**The task:** Exclude the pictures and reproduce exactly the lines that run from the one holding "泰国品种香水小菠萝新鲜,泰国香水菠萝为什么那么甜" to the end of the entries below.

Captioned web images
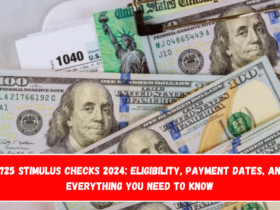 $725 Stimulus Checks 2024 Eligibility, Payment Dates, and Everything You Need to Know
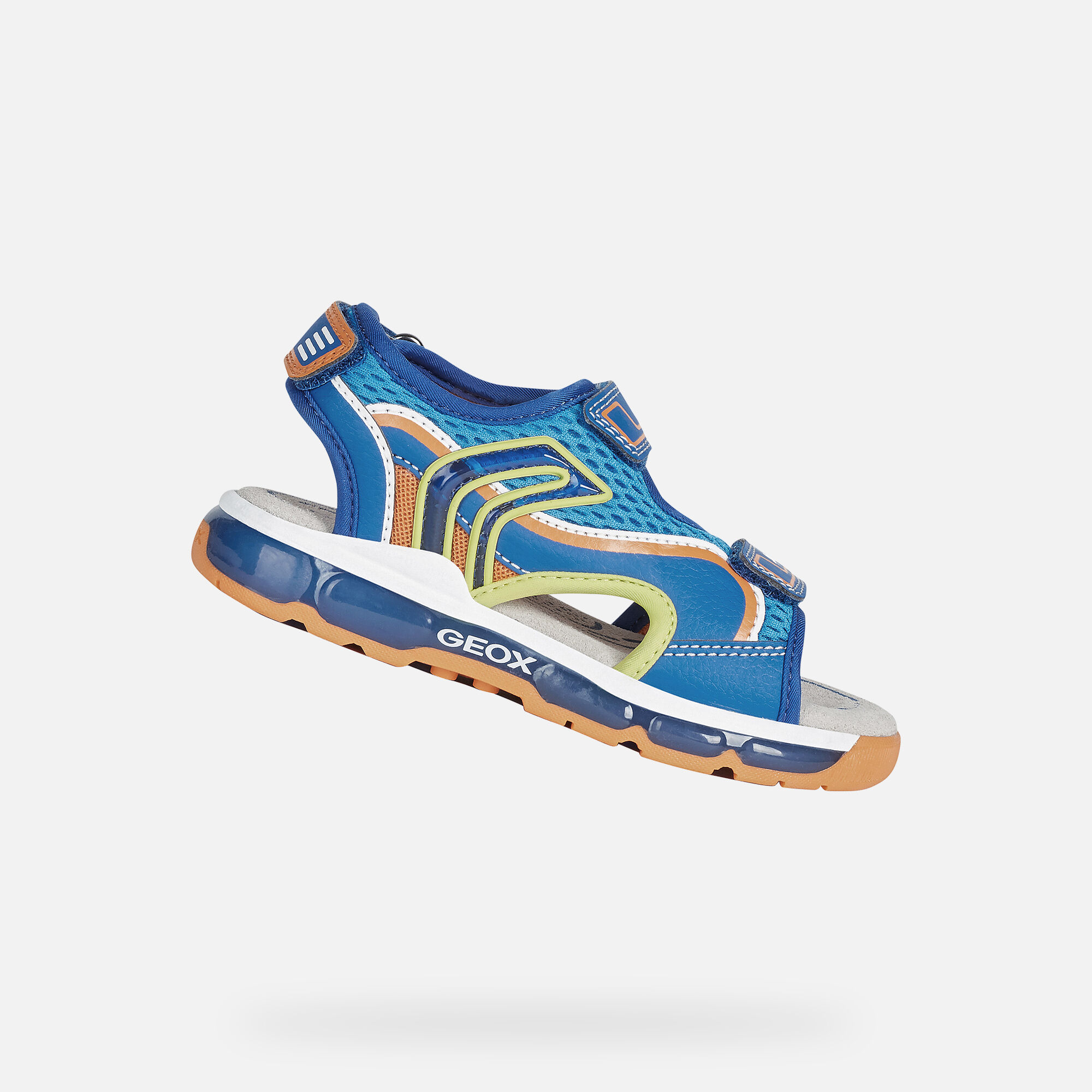 geox boys sandals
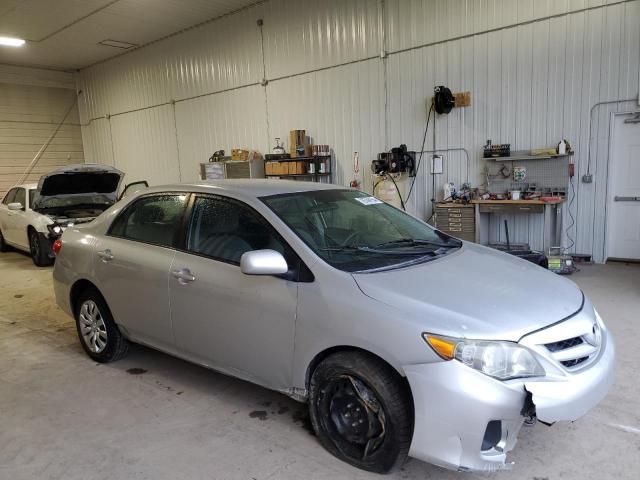 2012 Toyota Corolla Base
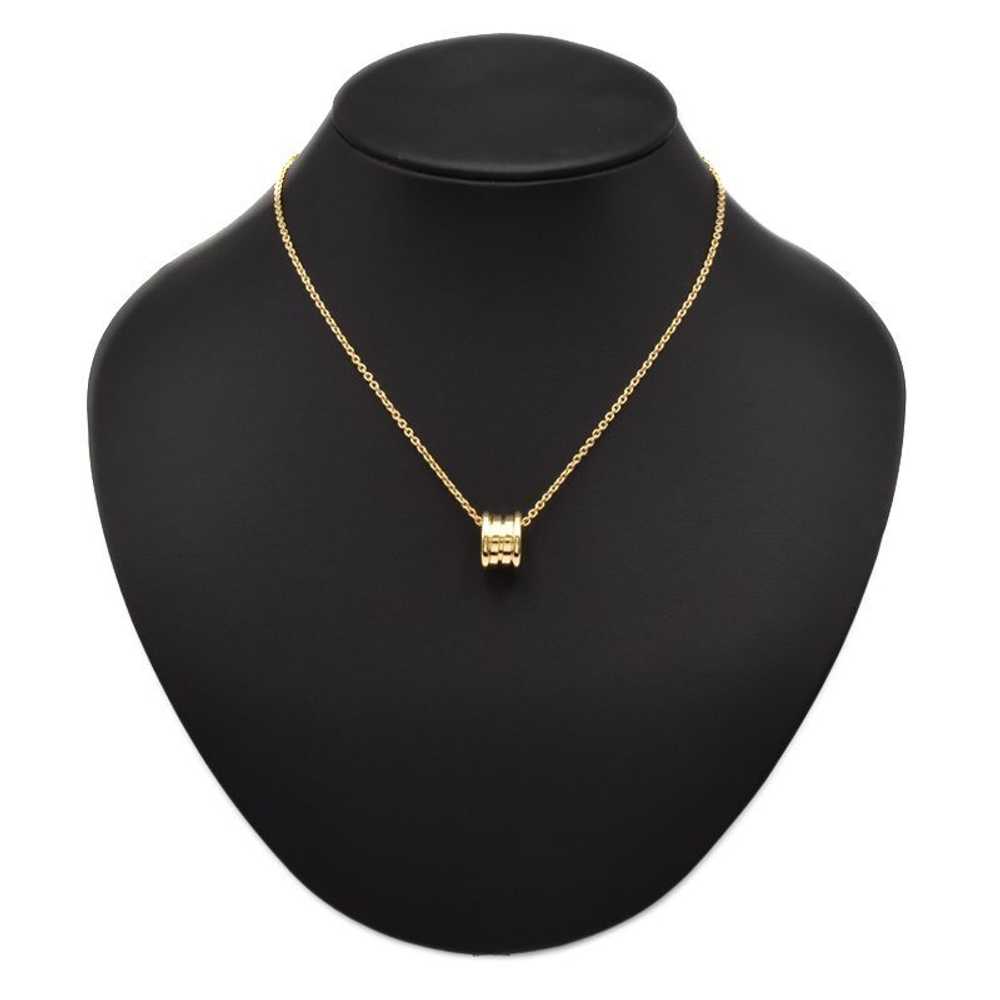 Bvlgari Bee Zero One Necklace K18YG Bee Zero One … - image 2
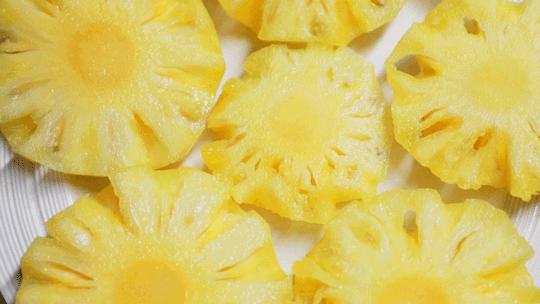 泰国品种香水小菠萝新鲜,泰国香水菠萝为什么那么甜
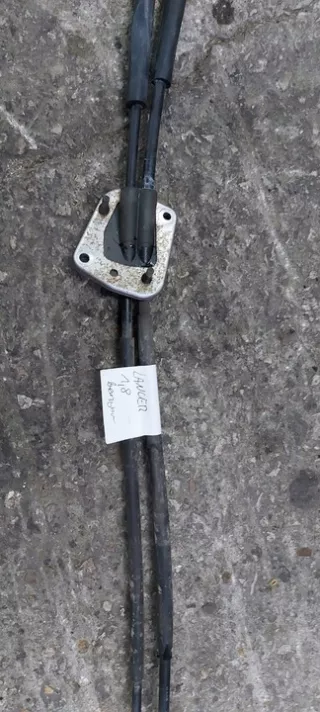  Трос кулисы КПП Mitsubishi Lancer 10 Арт e7706698, вид 2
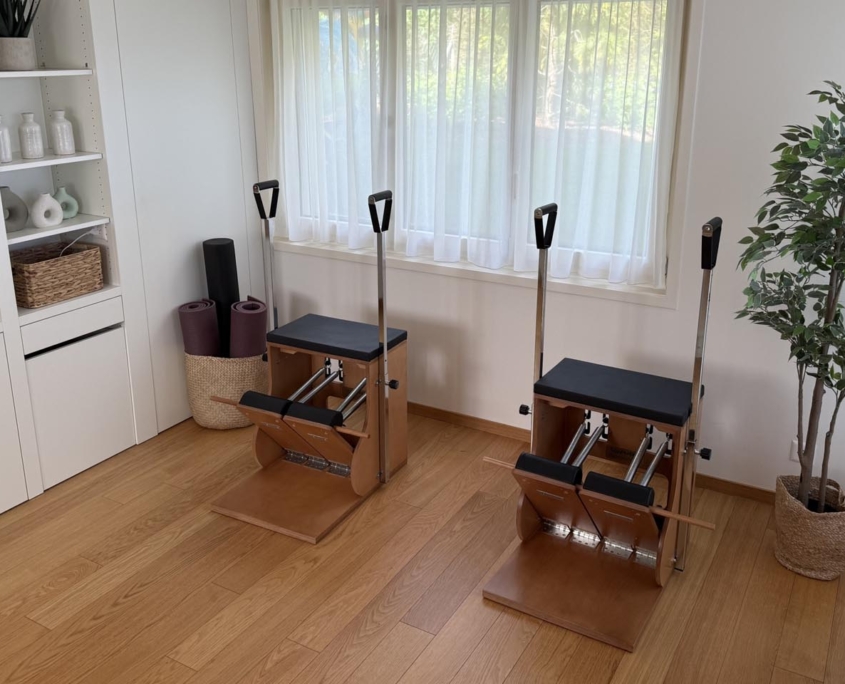 Studio Pilates reformer Epalinges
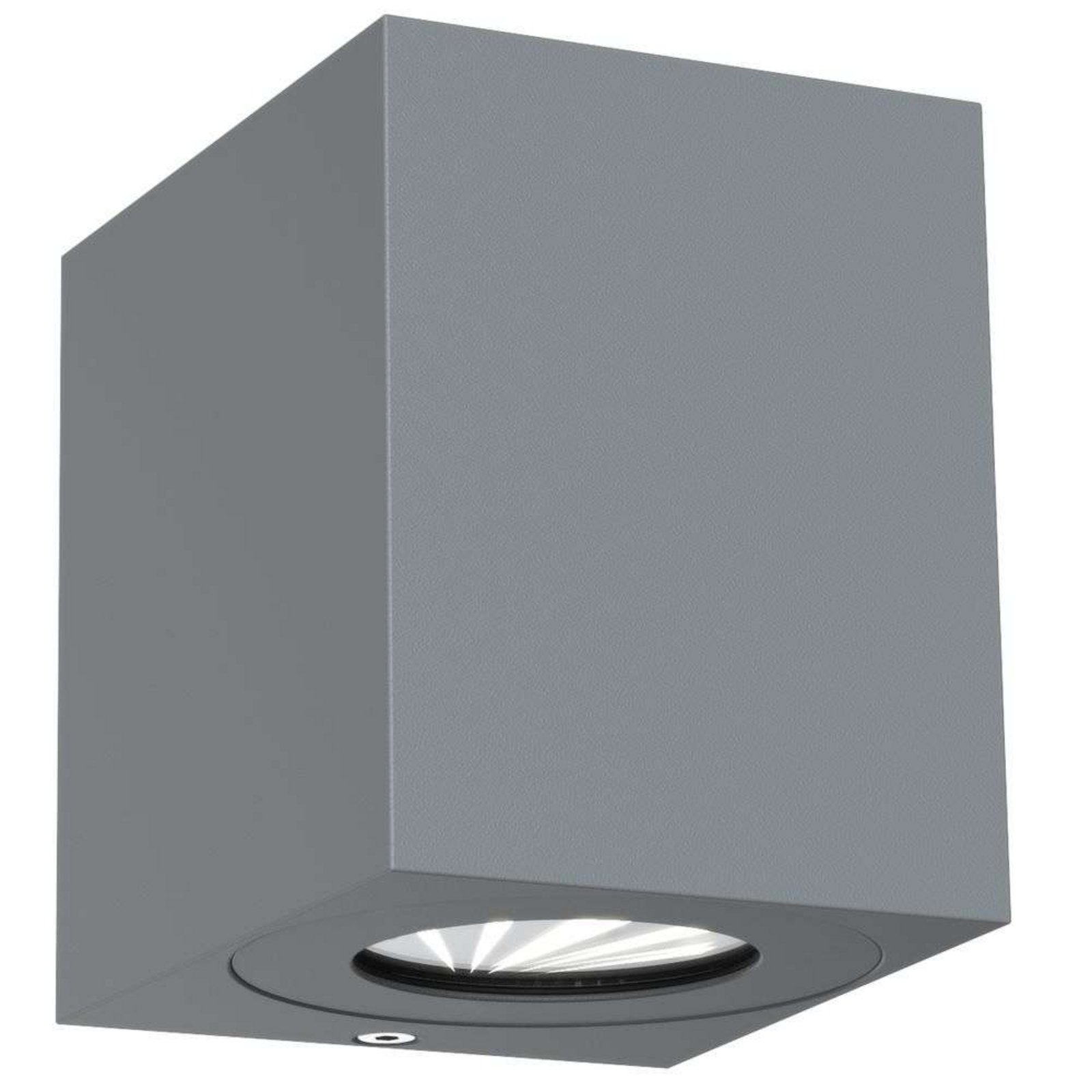 Canto Kubi 2 Aplique de Pared Grey - Nordlux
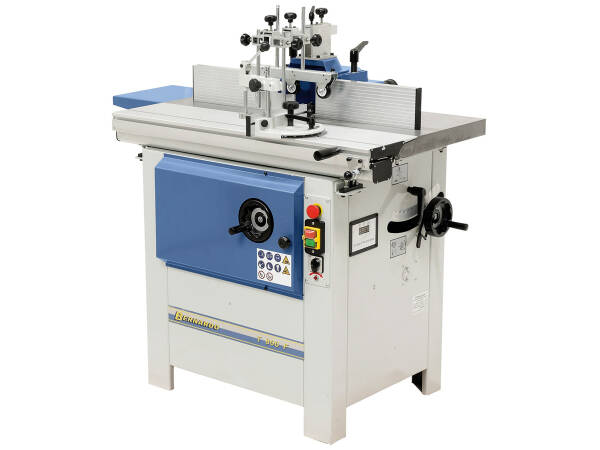 Bernardo Schwenkspindelfräsmaschine T 800 F - 230V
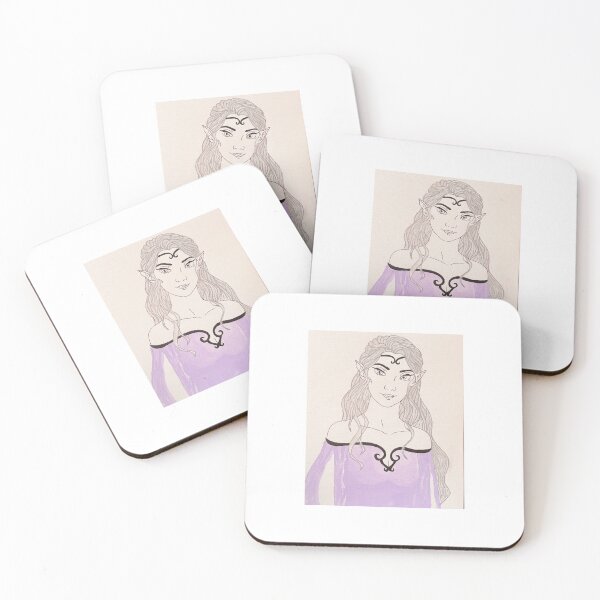 Item preview, Fae woman designed and sold by Maddyrabbooks.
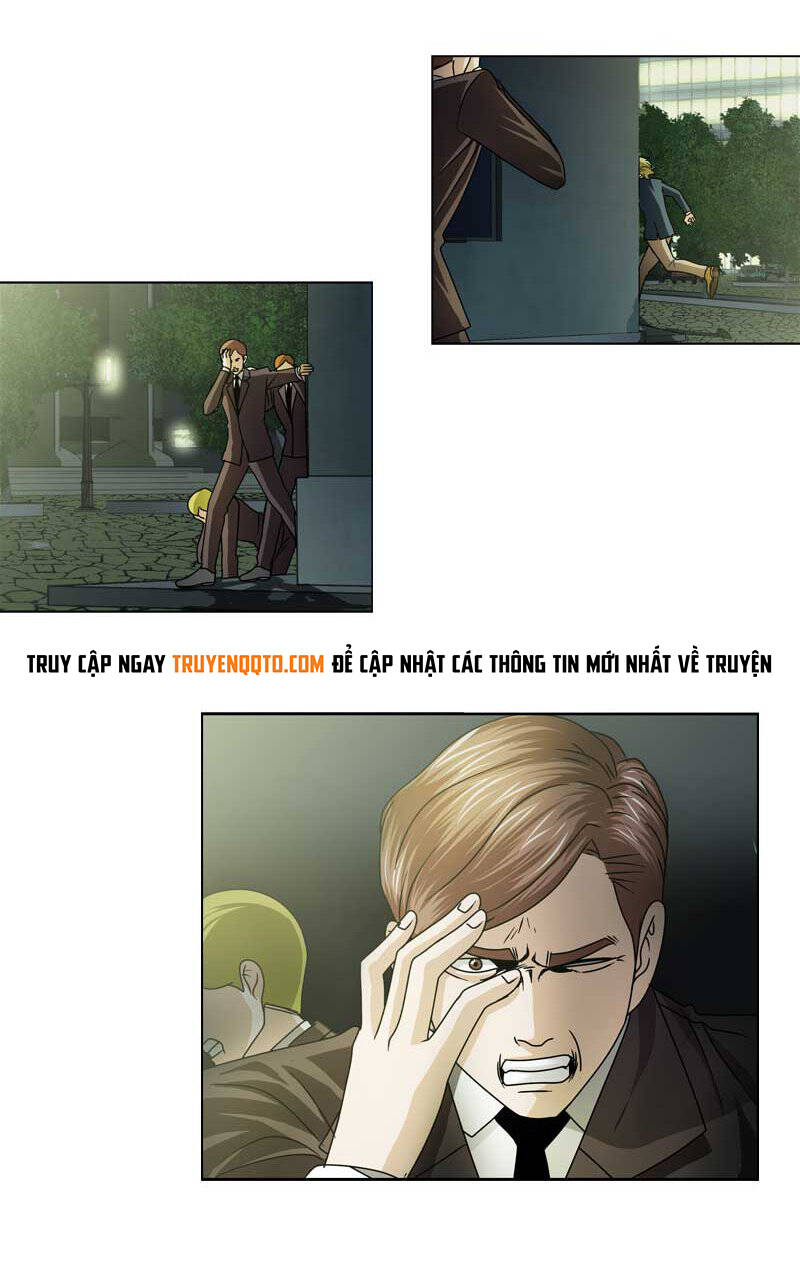 we-on: be the shield chapter 17 14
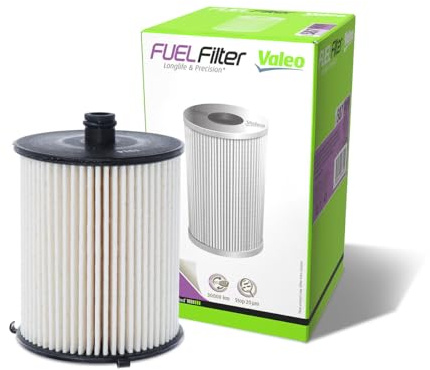 Valeo Dieselfilter für Autos 587949, Kraftstofffilter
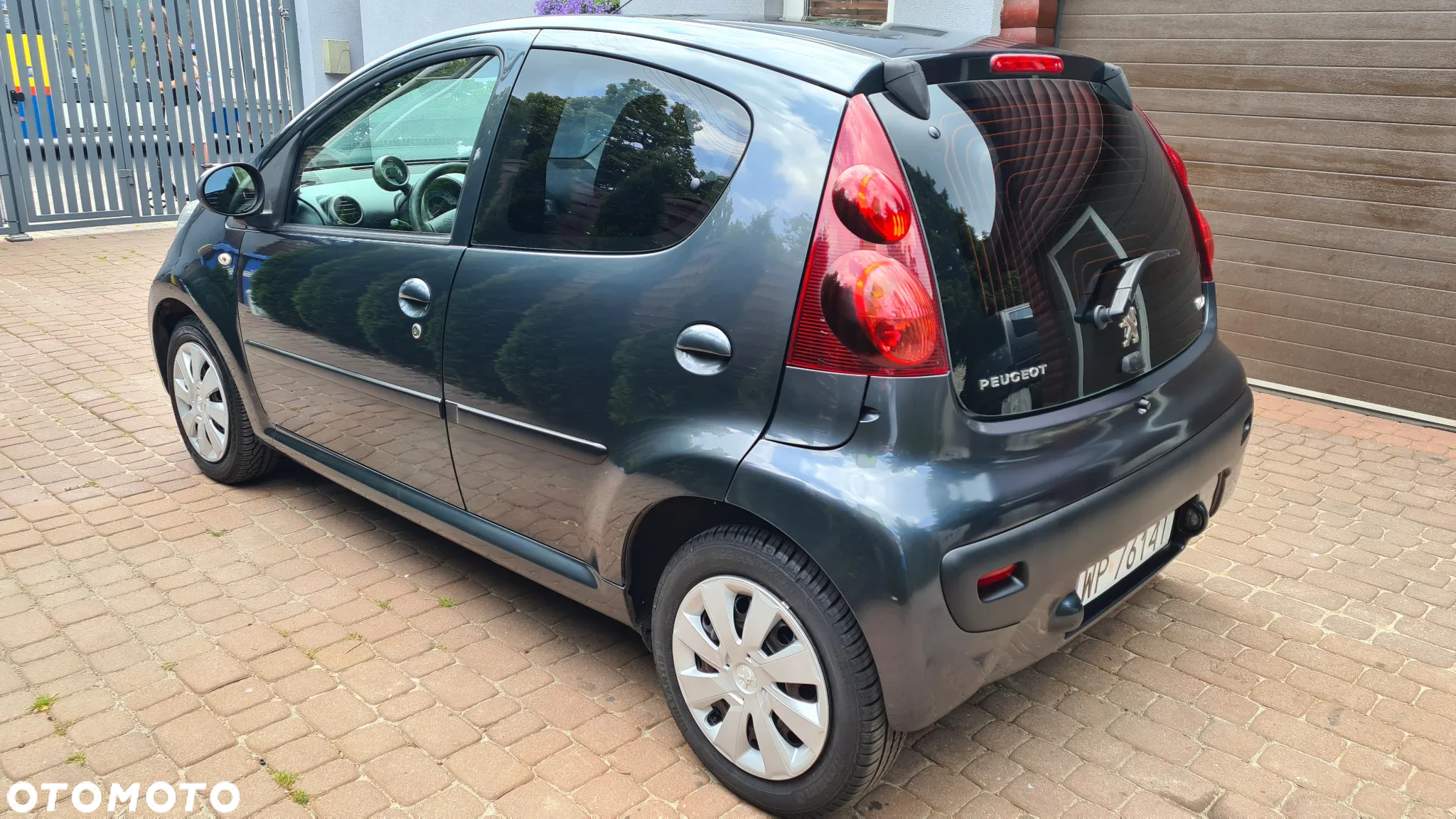 Peugeot 107 (70) 68 Active - 3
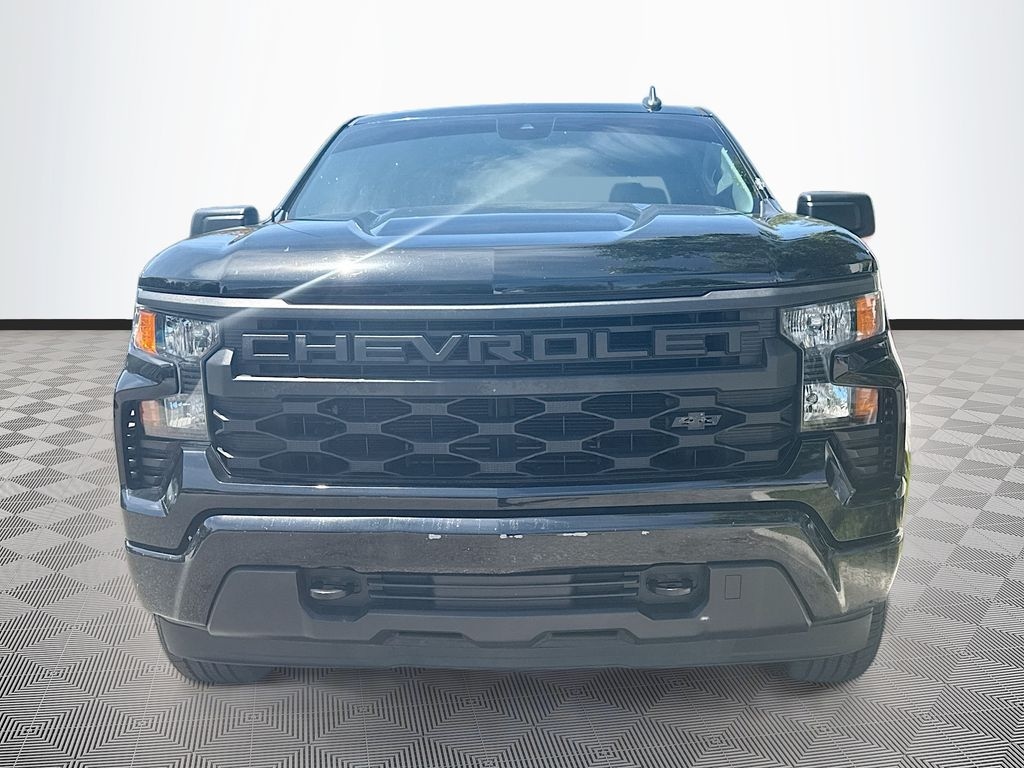 Used 2023 Chevrolet Silverado 1500 Custom Truck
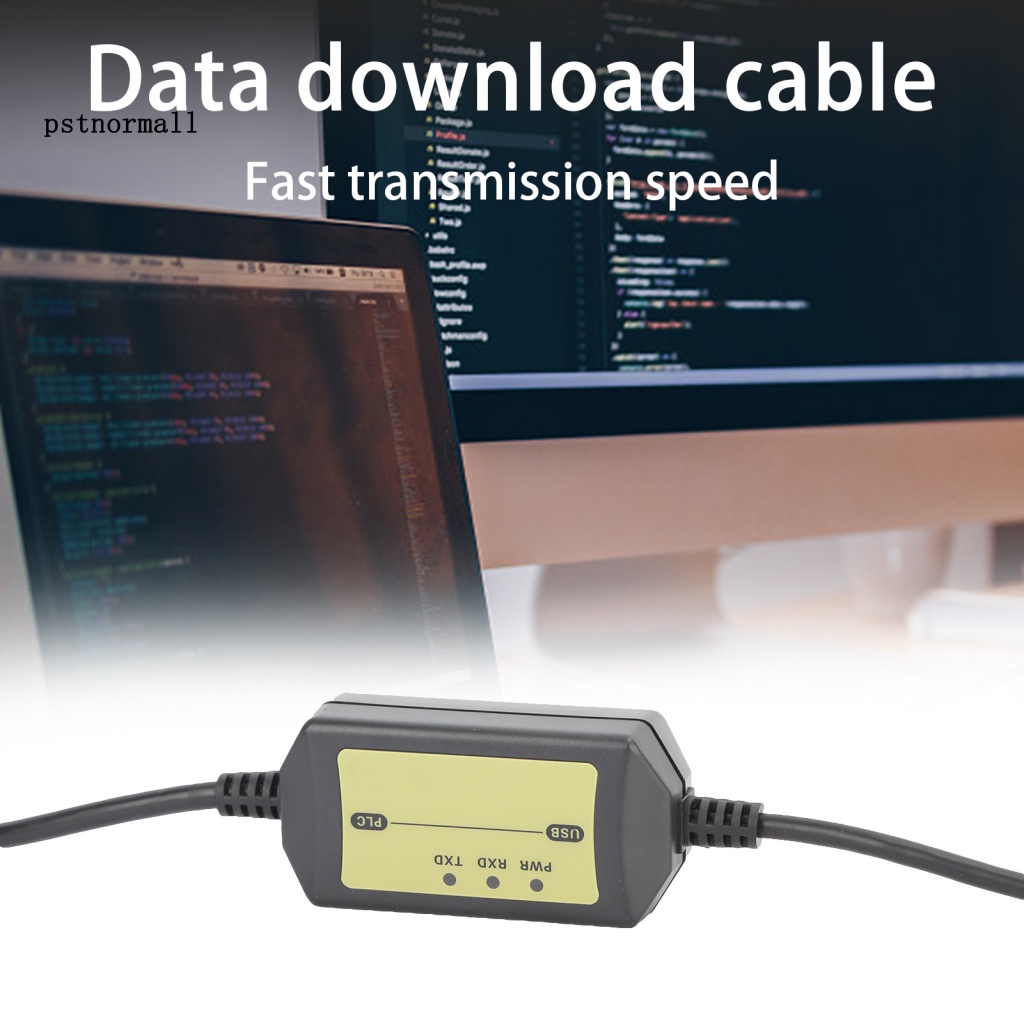 Dây Cáp Lập Trình USB-PPI Ổn Định Cho S7-200 CP226 224 PLC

**Exercise output:**
 泰国品种香水小菠萝新鲜,泰国香水菠萝为什么那么甜
  Трос кулисы КПП Mitsubishi Lancer 10 Арт e7706698, вид 2
 Studio Pilates reformer Epalinges
 Canto Kubi 2 Aplique de Pared Grey - Nordlux
 Bernardo Schwenkspindelfräsmaschine T 800 F - 230V
 Item preview, Fae woman designed and sold by Maddyrabbooks.
 we-on: be the shield chapter 17 14
 Valeo Dieselfilter für Autos 587949, Kraftstofffilter
 Peugeot 107 (70) 68 Active - 3
 Used 2023 Chevrolet Silverado 1500 Custom Truck
 Dây Cáp Lập Trình USB-PPI Ổn Định Cho S7-200 CP226 224 PLC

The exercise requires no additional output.